This ULF project focuses on the importance of place for language and knowledge development in natural environments, i.e. how nature's many qualities and phenomena stimulate children's language in different ways.

The study originates in the ERASMUS+ project Early Language Development in Nature (ELaDiNa), and has continued in the spring of 2023 through group discussions with preschool teachers working in Jönköping.

Purpose and research questions

The main aim is to explore teachers' experiences of the impact of the natural environment on children's language learning – including communicative ability and motivation, language comprehension, vocabulary and pronunciation.

Method

Data collection has taken place partly through questionnaires with closed and open questions (with Swedish, German and Slovenian teachers within the ELaDiNa project), partly through group discussions at six workshops with preschool teachers active in Jönköping.

Preliminary results

According to the survey, the teachers believed that natural environments with the presence of sticks and branches were most important for stimulating children's language, closely followed by wild animals and sand. Sticks and branches were believed to promote speech, communication and dialogue. In the slightly older children, sticks and branches helped to expand children's vocabulary and knowledge of grammar, such as comparisons and comparisons. With sticks, the children could also create letters and text.

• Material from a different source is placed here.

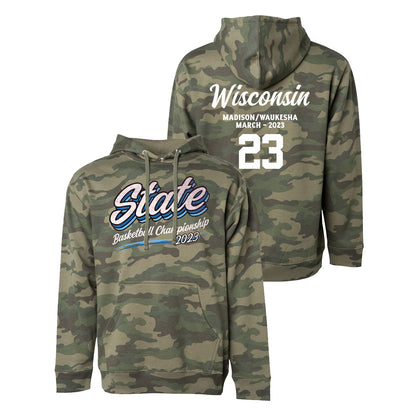 Forest Camo Wisconsin State Basketball Sweatshirt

Wild animals evoked feelings of curiosity and excitement in both preschool and school-age children; they encouraged oral language development by making the children want to call attention and share what they have seen, ask questions and describe. Sand encourages creativity and imagination. With sand and water, children design and build everything from cakes to castles, while commenting or describing to other children and adults what they are building. Through cooperation, the children learn languages from each other.

In the group discussions with the preschool teachers, several examples were added of how children's language developed when the natural environment significantly increased their joy and stimulated their imagination, in comparison to staying indoors.